12. En prononçant ainsi, la chambre de l'instruction a justifié sa décision.

13. En effet, d'une part, dès lors que la manifestation de la vérité ne se réduit pas à la seule caractérisation des infractions mais s'étend aux circonstances de leur commission susceptibles d'avoir une influence sur l'appréciation de la gravité des faits, les motifs relatant les circonstances dans lesquelles les armes ont été saisies au cours d'une perquisition au domicile de M. [F], auquel il n'est pas reproché d'en avoir fait usage, mettent la Cour de cassation en mesure de s'assurer que les conditions de leur détention sont sans incidence sur la gravité des faits.

14. D'autre part, la loi, au travers des dispositions de l'article 132-75, alinéa 1er, du code pénal et de celles de l'article L. 311-2 du code de la sécurité intérieure, qualifie les armes de dangereuses.

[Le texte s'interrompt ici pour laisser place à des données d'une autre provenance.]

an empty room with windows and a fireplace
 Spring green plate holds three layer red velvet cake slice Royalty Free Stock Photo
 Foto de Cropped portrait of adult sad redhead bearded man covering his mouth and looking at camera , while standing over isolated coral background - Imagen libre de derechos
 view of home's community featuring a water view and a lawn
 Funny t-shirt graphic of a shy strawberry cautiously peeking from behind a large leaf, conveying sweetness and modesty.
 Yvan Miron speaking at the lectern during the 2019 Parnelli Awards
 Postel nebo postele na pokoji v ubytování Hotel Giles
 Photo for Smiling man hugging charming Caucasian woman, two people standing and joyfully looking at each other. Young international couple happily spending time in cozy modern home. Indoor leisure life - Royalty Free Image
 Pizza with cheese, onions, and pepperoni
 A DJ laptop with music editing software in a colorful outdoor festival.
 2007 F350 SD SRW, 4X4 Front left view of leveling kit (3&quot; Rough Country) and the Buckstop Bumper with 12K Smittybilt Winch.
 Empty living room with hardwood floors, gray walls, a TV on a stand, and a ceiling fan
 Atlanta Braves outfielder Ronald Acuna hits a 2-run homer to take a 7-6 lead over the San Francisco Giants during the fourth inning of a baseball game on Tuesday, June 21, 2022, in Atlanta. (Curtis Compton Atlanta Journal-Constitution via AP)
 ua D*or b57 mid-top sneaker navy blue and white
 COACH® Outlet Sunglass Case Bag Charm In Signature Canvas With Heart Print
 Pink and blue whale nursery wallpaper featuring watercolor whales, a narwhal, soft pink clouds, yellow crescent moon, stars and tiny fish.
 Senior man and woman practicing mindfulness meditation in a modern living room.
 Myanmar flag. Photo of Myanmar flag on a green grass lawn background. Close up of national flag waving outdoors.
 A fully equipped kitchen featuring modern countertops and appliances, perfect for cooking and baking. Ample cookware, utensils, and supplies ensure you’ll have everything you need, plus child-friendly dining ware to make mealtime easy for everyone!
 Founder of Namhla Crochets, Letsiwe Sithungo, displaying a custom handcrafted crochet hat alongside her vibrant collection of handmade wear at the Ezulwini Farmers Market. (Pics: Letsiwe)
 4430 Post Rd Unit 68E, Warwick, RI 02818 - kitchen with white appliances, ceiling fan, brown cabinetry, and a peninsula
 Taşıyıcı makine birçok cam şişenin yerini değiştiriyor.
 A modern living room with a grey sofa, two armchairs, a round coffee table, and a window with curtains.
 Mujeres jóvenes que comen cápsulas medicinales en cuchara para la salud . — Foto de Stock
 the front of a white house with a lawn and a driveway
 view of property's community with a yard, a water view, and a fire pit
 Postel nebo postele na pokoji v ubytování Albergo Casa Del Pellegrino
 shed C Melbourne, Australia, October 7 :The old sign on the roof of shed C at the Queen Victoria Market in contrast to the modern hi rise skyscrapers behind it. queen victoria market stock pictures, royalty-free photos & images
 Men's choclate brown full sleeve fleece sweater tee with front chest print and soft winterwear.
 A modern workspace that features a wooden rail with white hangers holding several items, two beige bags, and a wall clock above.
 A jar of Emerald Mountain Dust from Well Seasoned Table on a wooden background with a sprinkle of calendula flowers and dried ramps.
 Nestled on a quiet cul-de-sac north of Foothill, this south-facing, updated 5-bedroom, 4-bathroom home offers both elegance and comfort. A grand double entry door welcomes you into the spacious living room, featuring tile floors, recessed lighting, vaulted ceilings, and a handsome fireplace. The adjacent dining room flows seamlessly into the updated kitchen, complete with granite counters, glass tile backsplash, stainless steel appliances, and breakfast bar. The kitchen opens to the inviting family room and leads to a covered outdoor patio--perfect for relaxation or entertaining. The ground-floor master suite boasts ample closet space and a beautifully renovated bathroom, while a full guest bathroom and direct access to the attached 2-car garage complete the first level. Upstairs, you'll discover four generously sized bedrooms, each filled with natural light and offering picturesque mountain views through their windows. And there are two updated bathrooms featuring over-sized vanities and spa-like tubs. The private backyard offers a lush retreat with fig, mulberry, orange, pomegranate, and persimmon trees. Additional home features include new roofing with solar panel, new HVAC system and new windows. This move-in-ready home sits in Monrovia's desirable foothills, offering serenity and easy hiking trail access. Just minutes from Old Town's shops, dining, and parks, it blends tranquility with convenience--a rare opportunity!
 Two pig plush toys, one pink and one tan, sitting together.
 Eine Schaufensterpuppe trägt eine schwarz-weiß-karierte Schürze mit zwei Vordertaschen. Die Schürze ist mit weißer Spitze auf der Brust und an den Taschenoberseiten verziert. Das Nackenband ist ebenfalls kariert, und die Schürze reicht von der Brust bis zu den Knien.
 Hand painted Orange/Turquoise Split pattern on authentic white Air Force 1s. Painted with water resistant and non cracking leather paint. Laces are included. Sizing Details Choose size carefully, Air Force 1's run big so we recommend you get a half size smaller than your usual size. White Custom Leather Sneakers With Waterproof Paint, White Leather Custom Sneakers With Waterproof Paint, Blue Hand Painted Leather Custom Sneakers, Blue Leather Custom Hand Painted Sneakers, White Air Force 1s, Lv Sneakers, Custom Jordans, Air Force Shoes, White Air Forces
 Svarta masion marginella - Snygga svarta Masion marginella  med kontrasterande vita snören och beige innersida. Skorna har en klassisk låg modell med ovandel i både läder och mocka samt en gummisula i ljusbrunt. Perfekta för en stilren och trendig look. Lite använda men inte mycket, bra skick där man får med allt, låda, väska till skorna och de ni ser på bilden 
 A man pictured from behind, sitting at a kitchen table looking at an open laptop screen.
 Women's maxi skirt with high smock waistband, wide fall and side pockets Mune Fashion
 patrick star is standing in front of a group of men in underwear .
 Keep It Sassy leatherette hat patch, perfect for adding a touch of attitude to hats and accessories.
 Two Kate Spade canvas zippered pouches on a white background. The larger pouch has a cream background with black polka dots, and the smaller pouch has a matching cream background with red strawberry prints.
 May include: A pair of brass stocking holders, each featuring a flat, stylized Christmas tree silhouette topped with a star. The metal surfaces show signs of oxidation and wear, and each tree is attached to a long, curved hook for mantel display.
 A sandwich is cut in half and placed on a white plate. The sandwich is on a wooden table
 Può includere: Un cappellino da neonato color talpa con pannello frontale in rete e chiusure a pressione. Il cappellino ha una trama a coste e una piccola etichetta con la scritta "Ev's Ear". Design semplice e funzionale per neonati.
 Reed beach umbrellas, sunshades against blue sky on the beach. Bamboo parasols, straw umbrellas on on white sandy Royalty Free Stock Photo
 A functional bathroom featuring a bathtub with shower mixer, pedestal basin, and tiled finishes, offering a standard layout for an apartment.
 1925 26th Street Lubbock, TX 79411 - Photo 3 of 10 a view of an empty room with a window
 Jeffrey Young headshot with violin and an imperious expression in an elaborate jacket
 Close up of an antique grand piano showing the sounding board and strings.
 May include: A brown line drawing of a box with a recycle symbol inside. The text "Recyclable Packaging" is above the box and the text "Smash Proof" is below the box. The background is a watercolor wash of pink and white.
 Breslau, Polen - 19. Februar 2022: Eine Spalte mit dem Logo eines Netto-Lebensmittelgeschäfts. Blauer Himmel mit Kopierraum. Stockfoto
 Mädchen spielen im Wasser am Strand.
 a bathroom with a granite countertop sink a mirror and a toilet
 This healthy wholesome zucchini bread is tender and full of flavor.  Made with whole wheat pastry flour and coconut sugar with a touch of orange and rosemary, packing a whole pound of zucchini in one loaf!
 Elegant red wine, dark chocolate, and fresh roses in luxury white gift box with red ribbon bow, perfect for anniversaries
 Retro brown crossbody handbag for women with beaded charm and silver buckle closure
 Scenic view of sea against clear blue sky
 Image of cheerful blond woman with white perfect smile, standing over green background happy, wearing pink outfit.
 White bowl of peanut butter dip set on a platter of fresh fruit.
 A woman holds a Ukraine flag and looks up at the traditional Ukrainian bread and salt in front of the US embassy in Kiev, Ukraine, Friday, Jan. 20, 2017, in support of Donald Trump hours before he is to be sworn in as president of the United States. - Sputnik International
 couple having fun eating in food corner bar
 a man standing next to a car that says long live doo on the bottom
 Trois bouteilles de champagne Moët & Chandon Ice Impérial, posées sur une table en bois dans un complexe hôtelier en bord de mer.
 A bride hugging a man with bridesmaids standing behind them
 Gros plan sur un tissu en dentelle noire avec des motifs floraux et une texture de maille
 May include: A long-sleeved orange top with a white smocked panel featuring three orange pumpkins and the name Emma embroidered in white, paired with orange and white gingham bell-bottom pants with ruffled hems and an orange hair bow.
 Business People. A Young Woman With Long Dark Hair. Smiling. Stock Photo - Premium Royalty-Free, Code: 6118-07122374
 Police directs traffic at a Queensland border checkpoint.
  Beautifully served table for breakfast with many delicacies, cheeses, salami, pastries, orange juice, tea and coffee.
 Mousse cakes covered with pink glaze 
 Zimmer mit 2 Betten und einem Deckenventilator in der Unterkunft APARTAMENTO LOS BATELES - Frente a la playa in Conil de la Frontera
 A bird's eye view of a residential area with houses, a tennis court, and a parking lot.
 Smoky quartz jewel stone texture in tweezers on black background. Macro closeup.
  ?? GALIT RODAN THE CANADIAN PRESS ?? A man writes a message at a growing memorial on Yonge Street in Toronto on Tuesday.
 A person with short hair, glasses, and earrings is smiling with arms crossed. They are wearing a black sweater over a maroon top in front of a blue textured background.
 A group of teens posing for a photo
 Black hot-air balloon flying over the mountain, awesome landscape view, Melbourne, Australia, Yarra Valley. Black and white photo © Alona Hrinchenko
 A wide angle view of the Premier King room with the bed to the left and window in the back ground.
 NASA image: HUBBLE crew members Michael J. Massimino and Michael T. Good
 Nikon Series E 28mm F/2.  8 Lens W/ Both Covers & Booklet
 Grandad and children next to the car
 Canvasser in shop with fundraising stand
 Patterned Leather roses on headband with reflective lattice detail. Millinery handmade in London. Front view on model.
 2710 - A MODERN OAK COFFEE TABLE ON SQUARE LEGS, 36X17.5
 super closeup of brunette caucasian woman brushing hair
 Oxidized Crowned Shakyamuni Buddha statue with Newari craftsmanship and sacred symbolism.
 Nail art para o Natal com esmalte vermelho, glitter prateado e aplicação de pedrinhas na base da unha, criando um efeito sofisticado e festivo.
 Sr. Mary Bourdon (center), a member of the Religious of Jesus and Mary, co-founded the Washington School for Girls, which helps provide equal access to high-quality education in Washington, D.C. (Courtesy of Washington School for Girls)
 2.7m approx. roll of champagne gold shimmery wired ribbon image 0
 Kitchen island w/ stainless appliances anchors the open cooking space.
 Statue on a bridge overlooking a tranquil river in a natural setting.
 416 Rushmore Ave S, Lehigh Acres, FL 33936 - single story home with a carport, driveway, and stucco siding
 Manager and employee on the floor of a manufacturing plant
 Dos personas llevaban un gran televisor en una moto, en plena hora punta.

15. Enfin, est inopérant le grief qui, dans le cadre du contentieux relatif à une mesure de destruction d'un bien qualifié par la loi de dangereux ou nuisible, ou dont la détention est illicite, ordonnée sur le fondement de l'article 41-5 du code de procédure pénale, invoque une atteinte disproportionnée au droit de propriété.

16. Il s'ensuit que le moyen ne peut qu'être écarté.

17. Par ailleurs l'arrêt est régulier en la forme.

PAR CES MOTIFS, la Cour :

REJETTE le pourvoi ;

Ainsi fait et jugé par la Cour de cassation, chambre criminelle, et prononcé par le président le vingt-trois novembre deux mille vingt-deux.